Supreme Court Blocks Trump Birthright Citizenship Order in 5-3 Decision

Supreme Court Blocks Trump Birthright Citizenship Order in 5-3 Decision

The Supreme Court has rejected President Trump's executive order targeting birthright citizenship, affirming that children born in the United States to undocumented or temporarily present parents are citizens under the Fourteenth Amendment.

Chief Justice John Roberts wrote the majority opinion, joined by liberal justices Sonia Sotomayor, Elena Kagan and Ketanji Brown Jackson, plus conservative Amy Coney Barrett. The ruling spans 194 pages, with Justice Clarence Thomas contributing a 90-page dissent. Conservative justices Brett Kavanaugh, Samuel Alito and Neil Gorsuch also objected in part or in full.

Trump signed the executive order on his first day back in office, seeking to reinterpret the Constitution's citizenship clause to exclude children born to non-citizens or those on temporary visas. The administration claimed it would begin affecting how citizenship is granted on February 19, 2025, potentially impacting hundreds of thousands of infants annually.

The order immediately faced legal challenges from Democratic state attorneys general and the American Civil Liberties Union. During April oral arguments in Trump v Barbara, the class action case brought by affected parents, the ACLU's Cecillia Wang told justices that birthright citizenship represents America's core understanding of citizenship.

"The 14th amendment's fixed bright line rule has contributed to the growth and thriving of our nation," Wang argued. "It comes from text and history. It is workable and it prevents manipulation."

The Trump administration's solicitor general, D John Sauer, pushed a different interpretation. He argued that the phrase "subject to the jurisdiction thereof" should exclude babies born to parents lacking permanent residence or legal domicile in the country. Sauer called unrestricted birthright citizenship "contrary to the practice of the overwhelming majority of modern nations" and claimed it diminishes the value of citizenship.

The administration built its case on the concept of domicile, a term not appearing in the Fourteenth Amendment itself. Sauer contended that only those with permanent residence could grant citizenship to their children. He drew parallels to the formerly enslaved people the amendment was designed to protect, arguing they possessed domicile while undocumented immigrants do not.

But the justices signaled skepticism during oral arguments.

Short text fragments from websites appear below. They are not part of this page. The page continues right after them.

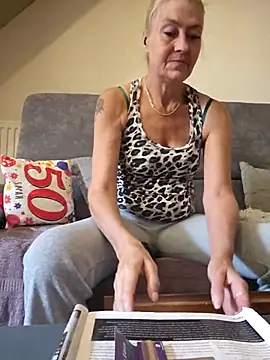 lisalustjouw online show from October 1, 2025, 11:58 am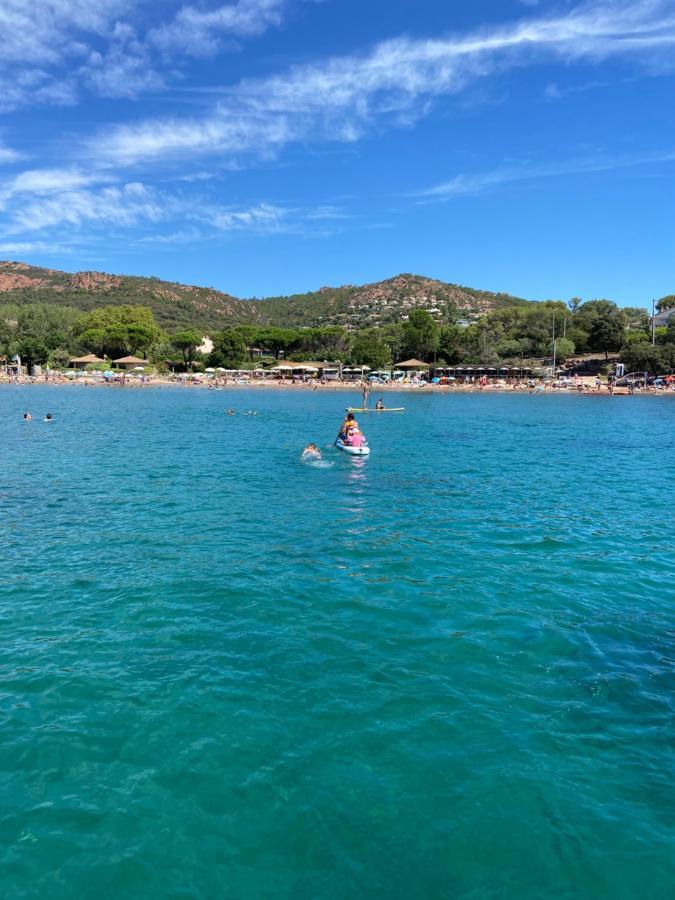 Appartement De Vacances Au Calme Absolu, Vue Mer. แซงเตกูลฟ์ ภายนอก รูปภาพ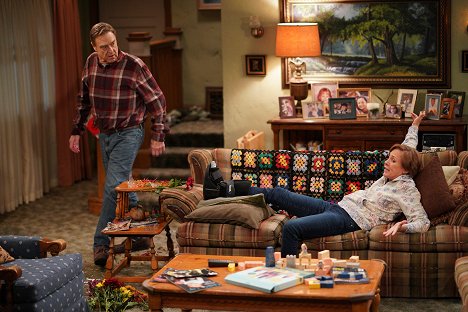 John Goodman, Laurie Metcalf - The Conners - Three Exes, Role Playing and a Waterbed - Photos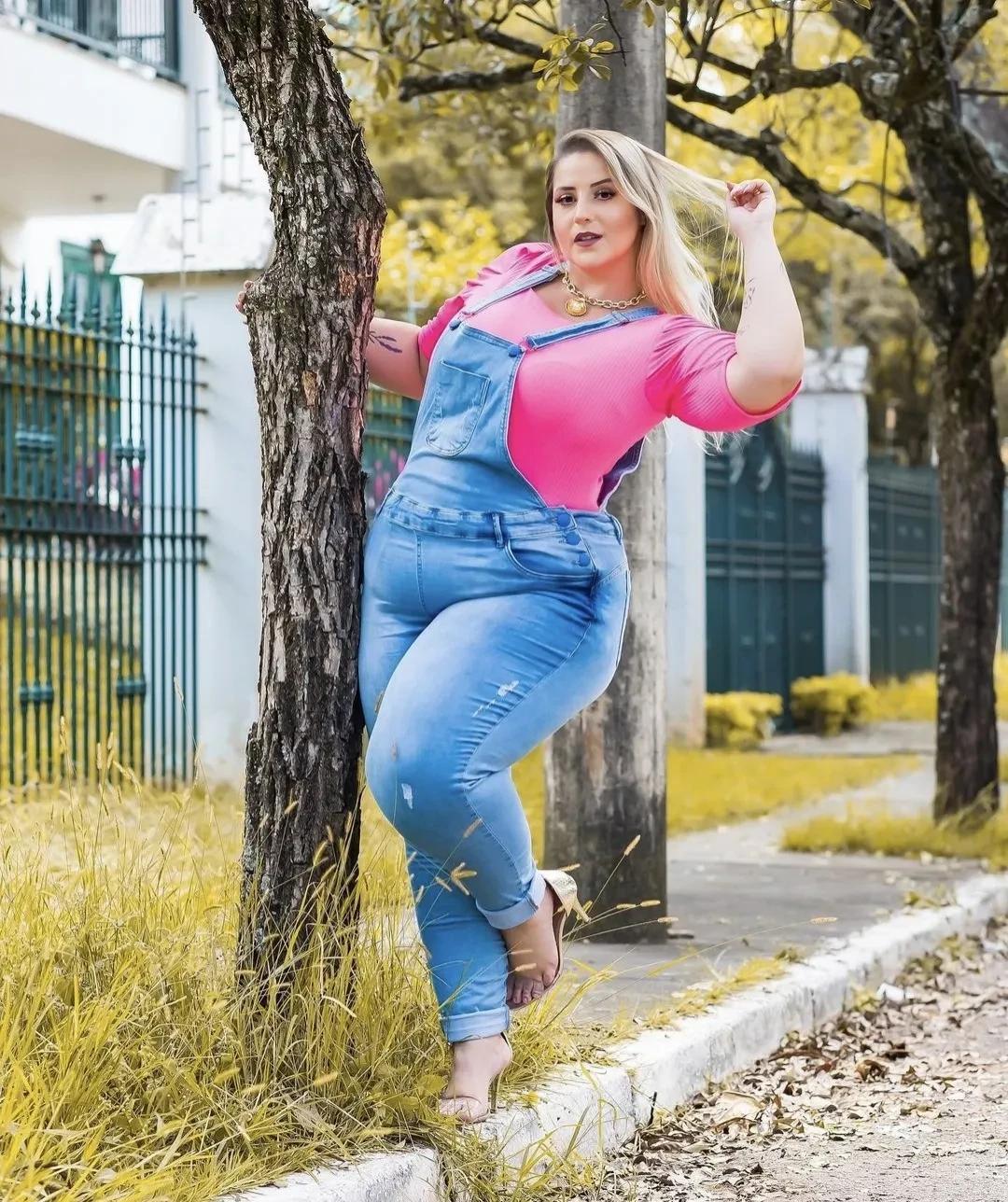 大码美女的英文缩写大码美女，时尚与魅力的完美融合-第1张图片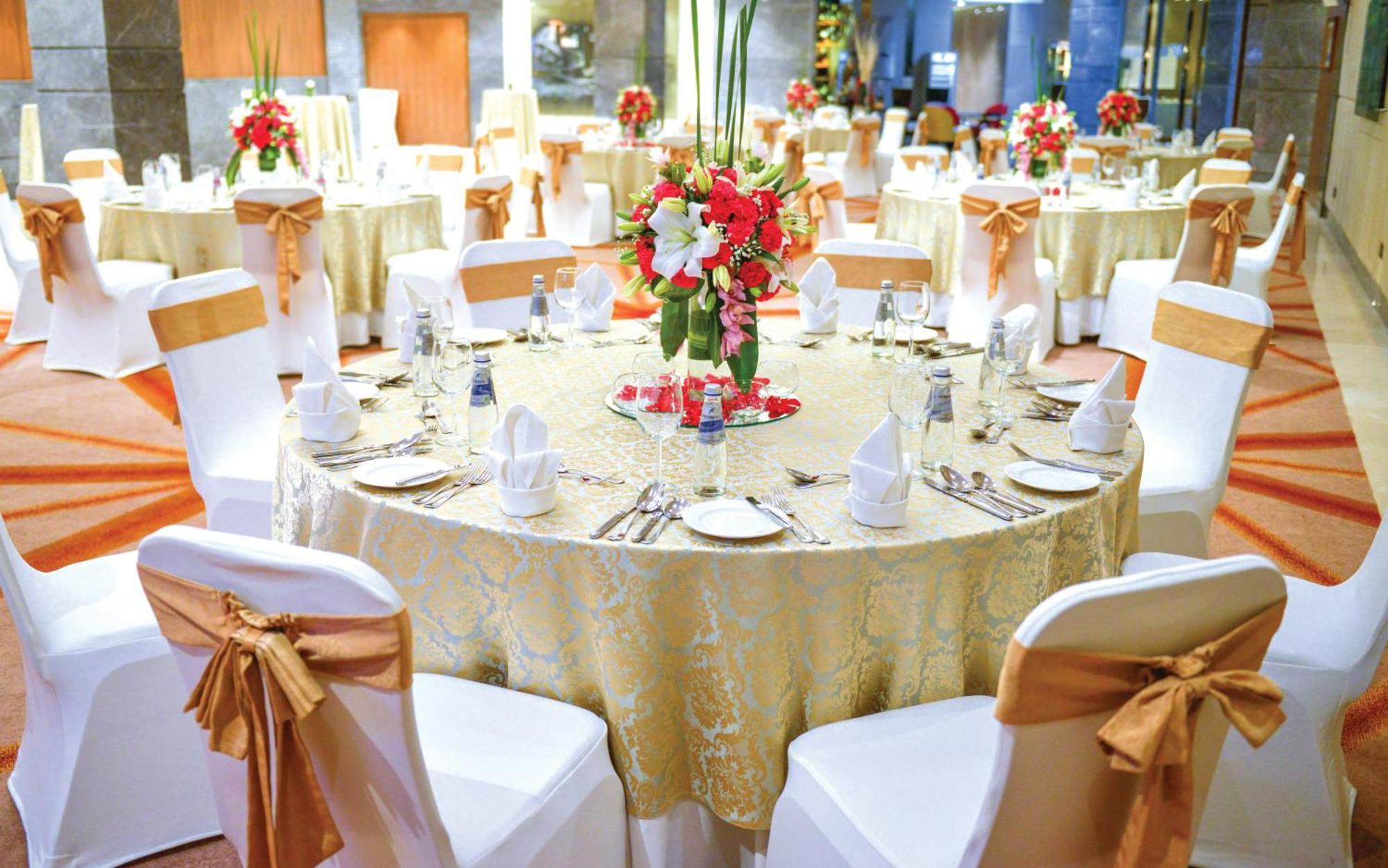 JW Marriott Hotel New Delhi Aerocity Exteriör bild A table set for a formal dinner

Chief Justice Roberts at one point called part of the government's argument "very quirky." Justice Elena Kagan said the administration was relying on "pretty obscure sources" to construct its case.

In the decision, Roberts wrote that the Court "exhaustively canvassed the text and history of the Citizenship Clause and at no point identified any evidence that the ratifiers thought themselves to be imposing a domicile limitation."

The Fourteenth Amendment, ratified in 1868 after the Civil War, explicitly grants citizenship to "all persons born or naturalized in the United States, and subject to the jurisdiction thereof." It was designed to overturn the Dred Scott decision of 1857, which had declared that Black people were not citizens but "a separate class of persons."

The seminal birthright citizenship case, United States v Wong Kim Ark, had established that children born to immigrant parents with permanent residence gain citizenship at birth. The Trump administration attempted to revive the domicile requirement as a limiting principle, but found no constitutional basis for it in the historical record.

Efforts to overturn birthright citizenship have gained traction among conservative circles in recent years, though most legal scholars maintain the amendment has been correctly interpreted for over a century. The administration's arguments drew from legal theories developed by white supremacists in the late 1800s, according to reporting. John Eastman, a lawyer disbarred in California after his work attempting to overturn the 2020 election, has also championed the push to end birthright citizenship.

Author James Rodriguez: "This isn't even close to settled politically, and Trump's team will likely find new angles to press the issue, but the Court just made clear the Constitution doesn't say what the administration wants it to say."